Mice and treatments

All studies were approved by the State Agency for Nature, Environment and Consumer Protection (LANUV) NRW, Recklinghausen, Germany, # 81–02.04.2017.A084, # 81–02.04.2019.A211, # 81–02.04.2018.A413, and 81–02.2019.A003 and the local IACUC.

In the present study, we used female C57BL/6 mice wild-type mice and inducible neutral sphingomyelinase 2 (Smpd3) on a C57BL/6 background at an age of 8–12 weeks.

Glucocorticosterone (Sigma, Deisenhofen, Germany) was administered via the drinking water at 100 mg/L for 7 days. In the chronic unpredictable stress model, the mice were challenged for 7 days with unpredictable environmental stress, i.e., a reversal of the light/dark cycle, 3 h of 45° tilting of the cage twice each week, shaking at 125 rpm for 45 min, food deprivation for 14 h, predator sounds for 15 min, or wet cages for 1 h with two forms of stress per day in a randomized (unpredictable) order. Mice were sacrificed at day 7 after initiation of the stress. Blood was collected from the heart into heparin-coated needles and tubes immediately after the mice were sacrificed by cervical dislocation, centrifuged at 1300 × g for 5 min at 4 °C in an Eppendorf centrifuge; the plasma was removed and shock frozen in liquid nitrogen.

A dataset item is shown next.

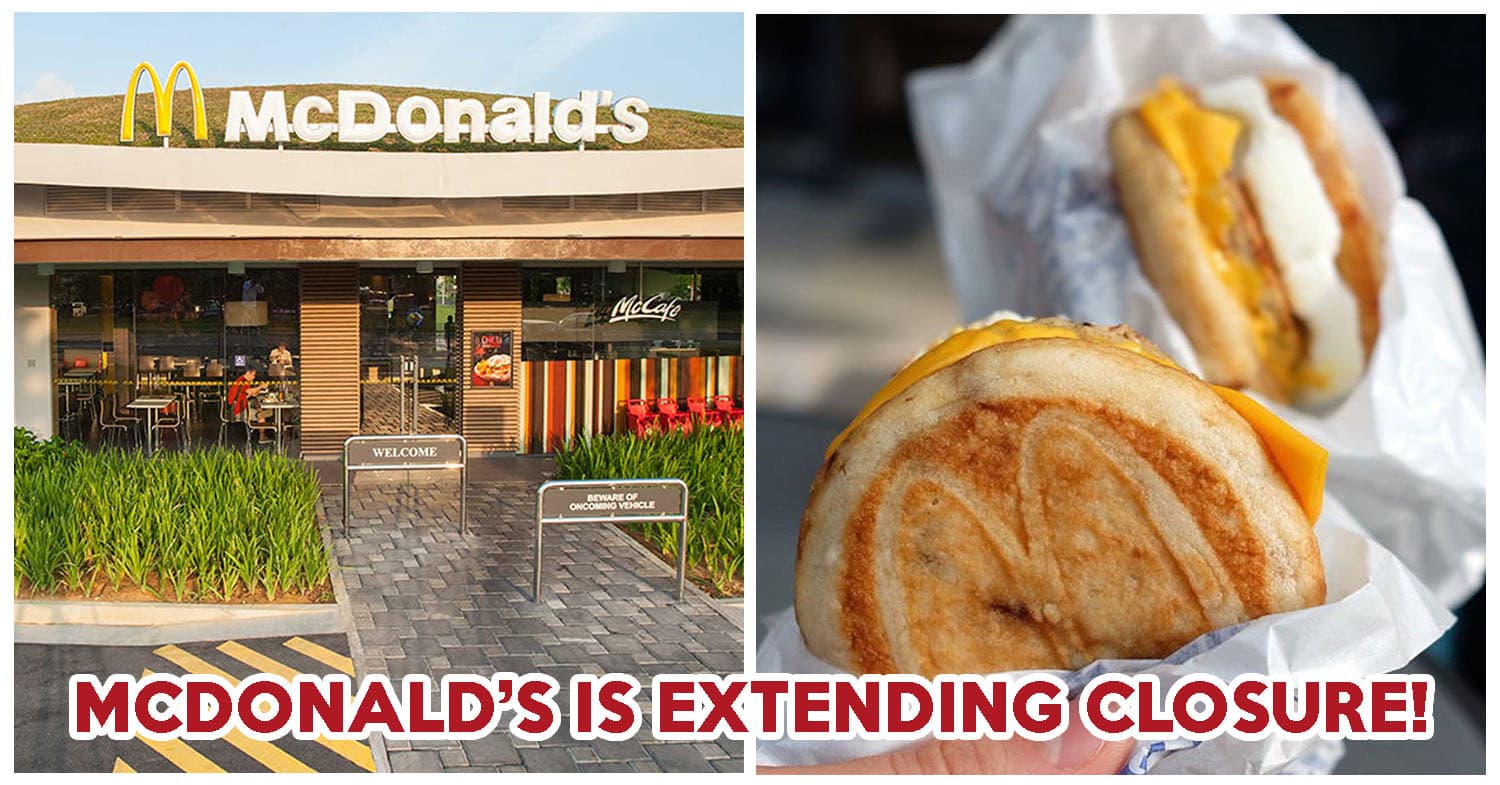 McDonald's Extending Closure - Feature Image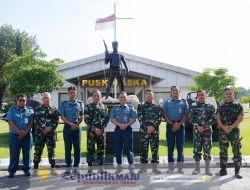Kerja Sama Kembangkan Alutsista, Danpuskopaska Terima Kunjungan Kalabinsen TNI AL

Embryonic stem cells allowing inducible deletion of neutral sphingomyelinase 2 (Smpd3) were obtained from the European Mouse Mutant Cell Repository (Helmholtz Center Munich, Germany). The gene symbol of the mice is Smpd3tm1a(EUCOMM)Hmg. Transgenic mice were generated, the Flp site was deleted resulting in a mouse strain in which exon 2 of Smpd3 is flanked by two lox sites. The mice were crossed with CreEr mice (Taconic, Cologne, Germany) and deletion of exon 2 was induced by 3 intraperitoneal injections (every 2nd day) of 100 μg/25 g body weight tamoxifen. Floxed mice (littermates) that were injected with the solvent, corn oil, only were used as controls.

Exosomes

To isolate exosomes from blood plasma, we centrifuged samples at 16,500 × g for 20 min. The supernatant was then passed through a 0.22-μm filter, and exosomes were harvested by centrifugation twice at 100,000 × g for 70 min. The final pellet was resuspended in phosphate-buffered saline (PBS). Exosomes were pelleted by centrifugation at 100,000 × g for 70 min, the supernatant was discarded, and the exosomes were resuspended and injected i.v. into healthy mice.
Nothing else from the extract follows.